THE PROBLEM:
Copy out exactly the stretch below, from the line with "man shows an empty leather wallet." through the line with "Standout antique cast", both included; the pictures stay out.

RECORDED DATA:
——————
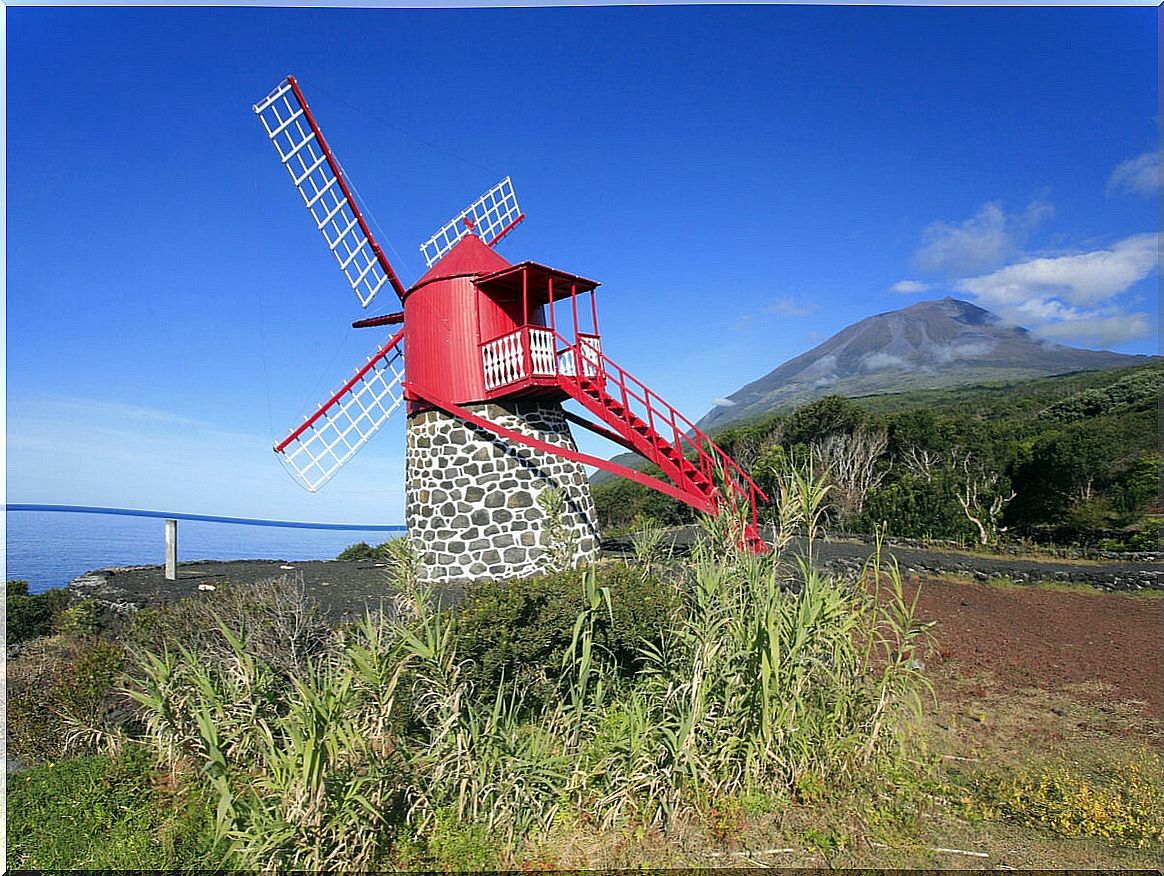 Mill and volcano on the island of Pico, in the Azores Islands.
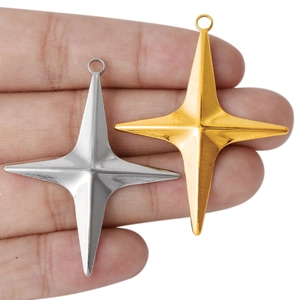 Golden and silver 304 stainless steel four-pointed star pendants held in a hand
——————
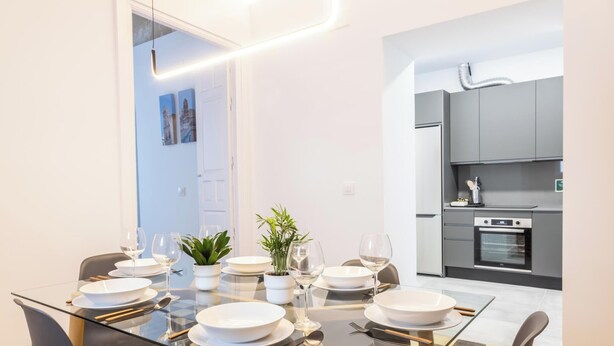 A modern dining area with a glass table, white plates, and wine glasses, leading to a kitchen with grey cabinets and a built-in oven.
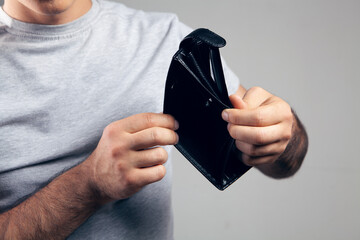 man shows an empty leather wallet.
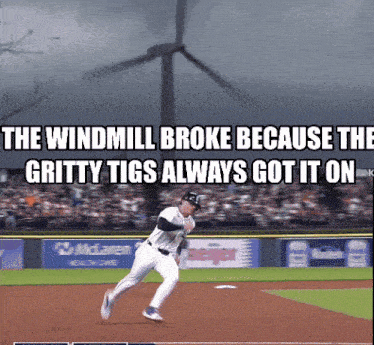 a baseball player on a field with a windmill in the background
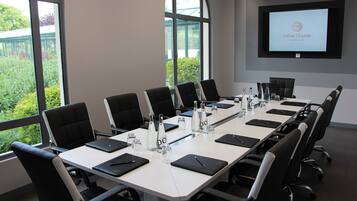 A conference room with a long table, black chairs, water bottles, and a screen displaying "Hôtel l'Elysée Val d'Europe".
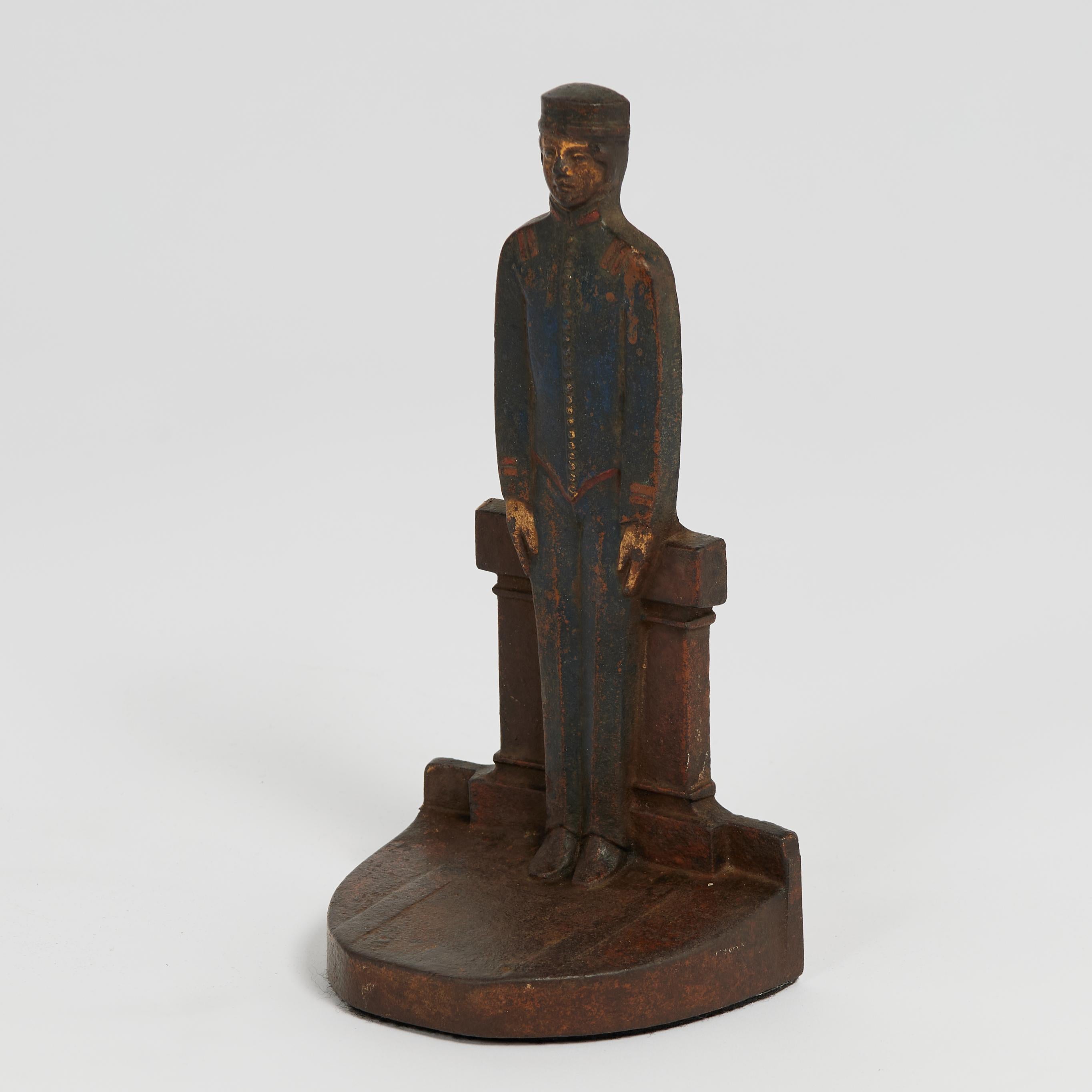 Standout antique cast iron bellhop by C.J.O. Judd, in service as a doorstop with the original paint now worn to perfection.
——————
REPLY:
 man shows an empty leather wallet.
 a baseball player on a field with a windmill in the background
 A conference room with a long table, black chairs, water bottles, and a screen displaying "Hôtel l'Elysée Val d'Europe".
 Standout antique cast iron bellhop by C.J.O. Judd, in service as a doorstop with the original paint now worn to perfection.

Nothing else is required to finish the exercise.